Data Block Start

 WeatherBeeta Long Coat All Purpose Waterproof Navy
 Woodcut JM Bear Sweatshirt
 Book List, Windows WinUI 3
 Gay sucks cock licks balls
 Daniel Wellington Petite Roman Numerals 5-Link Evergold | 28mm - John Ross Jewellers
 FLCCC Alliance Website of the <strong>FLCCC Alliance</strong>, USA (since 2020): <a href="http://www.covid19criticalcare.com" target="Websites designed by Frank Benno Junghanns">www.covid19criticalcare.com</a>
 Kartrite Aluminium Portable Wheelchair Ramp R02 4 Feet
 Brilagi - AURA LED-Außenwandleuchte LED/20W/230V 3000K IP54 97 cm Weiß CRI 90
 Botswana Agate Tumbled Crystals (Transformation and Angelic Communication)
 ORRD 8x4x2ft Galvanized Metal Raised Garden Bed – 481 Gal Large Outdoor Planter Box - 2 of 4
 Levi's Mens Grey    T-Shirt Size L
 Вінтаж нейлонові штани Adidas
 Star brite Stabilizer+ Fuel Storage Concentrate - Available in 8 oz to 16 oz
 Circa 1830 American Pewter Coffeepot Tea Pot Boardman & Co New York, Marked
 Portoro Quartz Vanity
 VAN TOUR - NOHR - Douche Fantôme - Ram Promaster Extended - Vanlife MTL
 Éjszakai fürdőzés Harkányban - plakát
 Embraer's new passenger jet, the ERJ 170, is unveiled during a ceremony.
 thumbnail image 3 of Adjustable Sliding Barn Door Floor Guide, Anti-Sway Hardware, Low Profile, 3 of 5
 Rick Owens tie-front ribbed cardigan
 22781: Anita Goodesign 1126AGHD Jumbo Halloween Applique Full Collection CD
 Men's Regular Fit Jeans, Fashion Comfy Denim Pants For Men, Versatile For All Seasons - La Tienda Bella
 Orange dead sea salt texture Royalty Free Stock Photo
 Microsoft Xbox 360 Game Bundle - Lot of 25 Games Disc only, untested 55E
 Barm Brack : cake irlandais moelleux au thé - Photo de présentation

Data Block End

Your task:
Check each line of the entries above for the string "Photo", and return those that contain it.

Response:
 Orange dead sea salt texture Royalty Free Stock Photo
 Barm Brack : cake irlandais moelleux au thé - Photo de présentation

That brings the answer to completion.